§ **EXERCISE OBJECTIVE**: Pictures in the listing do not belong in the copy, which should repeat exactly the lines from the one holding "Button down satin dress Clearance" through the last line.

§ **INPUT DATA**:
● ● ● ● ● ● ●

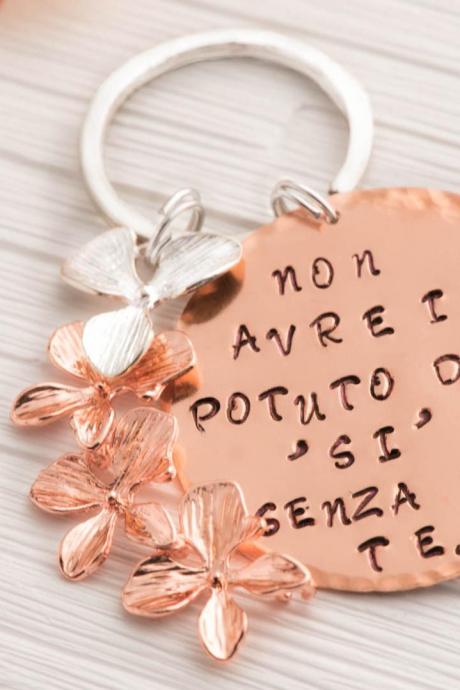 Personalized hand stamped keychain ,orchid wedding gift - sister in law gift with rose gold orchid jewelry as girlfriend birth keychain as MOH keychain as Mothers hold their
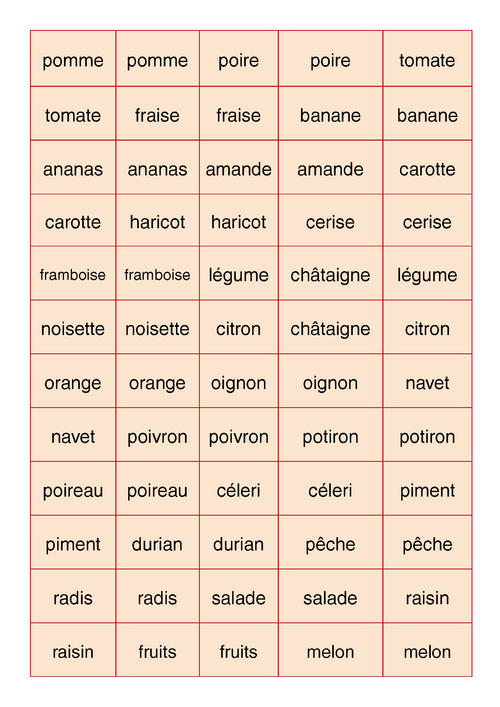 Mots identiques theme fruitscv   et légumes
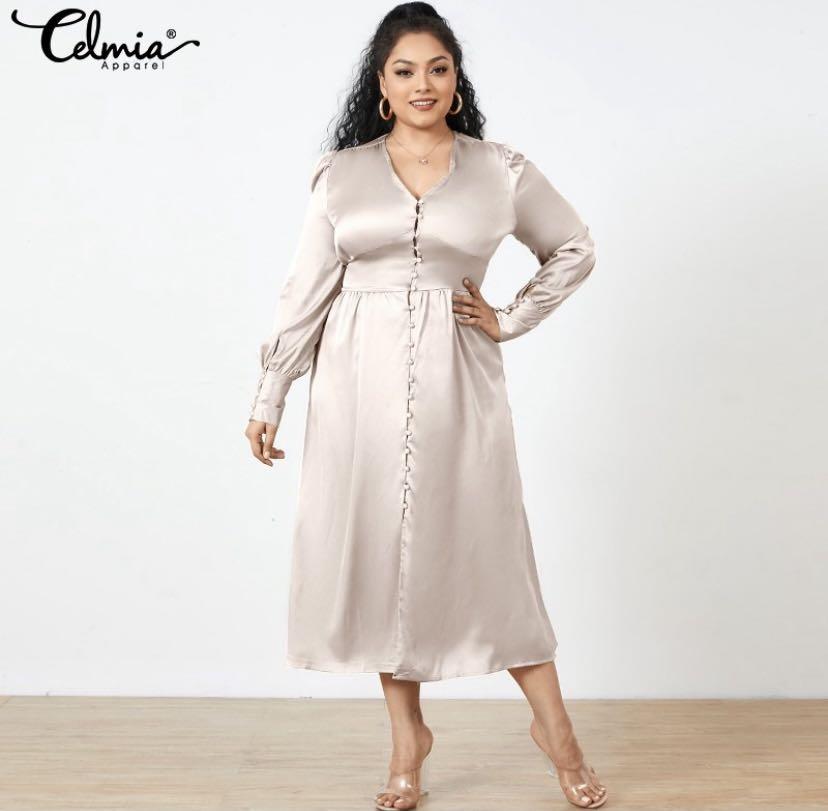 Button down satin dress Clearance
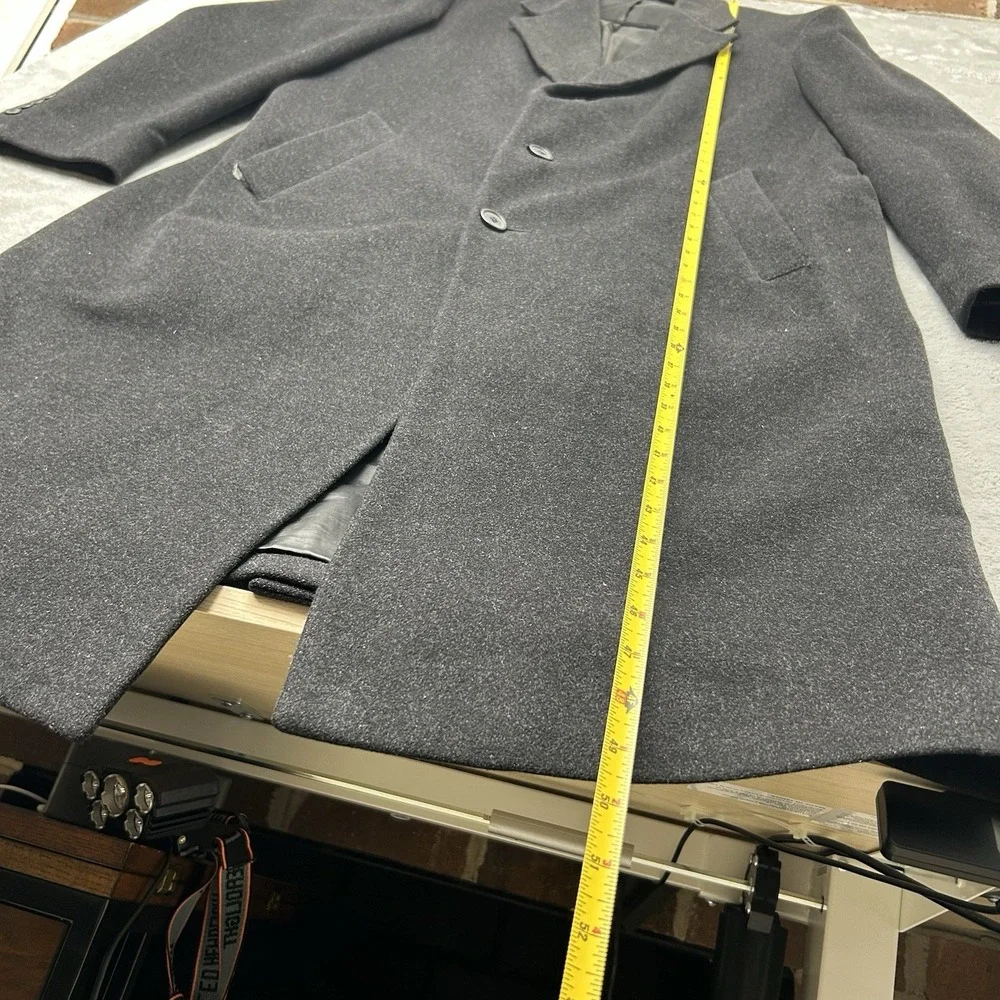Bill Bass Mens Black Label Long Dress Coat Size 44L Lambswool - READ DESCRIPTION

● ● ● ● ● ● ●

§ **RESULT FOR THIS TASK**:
 Button down satin dress Clearance
Bill Bass Mens Black Label Long Dress Coat Size 44L Lambswool - READ DESCRIPTION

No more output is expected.